It’s easy to get the idea that being in the present (which basically means being mindful) means you’re not focused on the past or the future. You’re paying attention to the here and the now. Doing, however, isn’t as easy as knowing.
The Key Word is “Focus.”
Being mindful doesn’t mean ignoring the past or future. Some attention to each has purpose.
For example, when you are planning to mail something, you might remember that you once mailed a package without insuring it or making sure that it had a tracking number. Therefore, you decide that you will be sure to take both of these steps when you mail this package. This demonstrates a simple and practical reference to both past and future.
Sometimes, though, we complicate it.

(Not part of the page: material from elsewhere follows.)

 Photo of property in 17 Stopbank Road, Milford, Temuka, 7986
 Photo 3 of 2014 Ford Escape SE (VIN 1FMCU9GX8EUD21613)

In remembering the lost package, you might berate yourself, wondering why you were so stupid. You might recall all the trouble that resulted from that lost package.
You might go about trying to enjoy your day, but you find yourself unable to lose yourself in a good book or exercise because whenever you start to relax, you tell yourself, “I have to remember about the package. And what if it gets lost, anyway?” You begin to worry.
When Identity Gets Involved
This week I had a lost-package issue. I needed to send the original copy of a necessary legal document to someone else. I was vocal about my reluctance to do this, but the authorities in the situation insisted.
Then it appeared that the document got lost. My first reaction was, “Why didn’t they listen to me?” (a variant of “I told you so.”). My second was “Why doesn’t anyone ever listen to me?”
I was flooded with memories from my childhood when it seemed that no one had listened to me, accompanied by pain and anger. None of it was fun, but the opportunity occurred to step back and see how these childhood incidents had given rise to beliefs that filtered my present experience and influenced the future. I believed that no one listened to me, and I got evidence for that belief.
Mindfulness Can Help Clear Out the Past
I’m not going into specific details about the method I used. It’s called EFT (Emotional Freedom Technique), and if you haven’t heard about it, you can read more here.
It’s not the only method that works. People can get relief through meditation, mindful breathing, and other techniques. The vital first step is to recognize that a persistent regret or worry or any negative emotion is keeping you from fully experiencing the present. Once you have that mindful awareness, you’re on your way.
By the way, so was my document. I got it yesterday.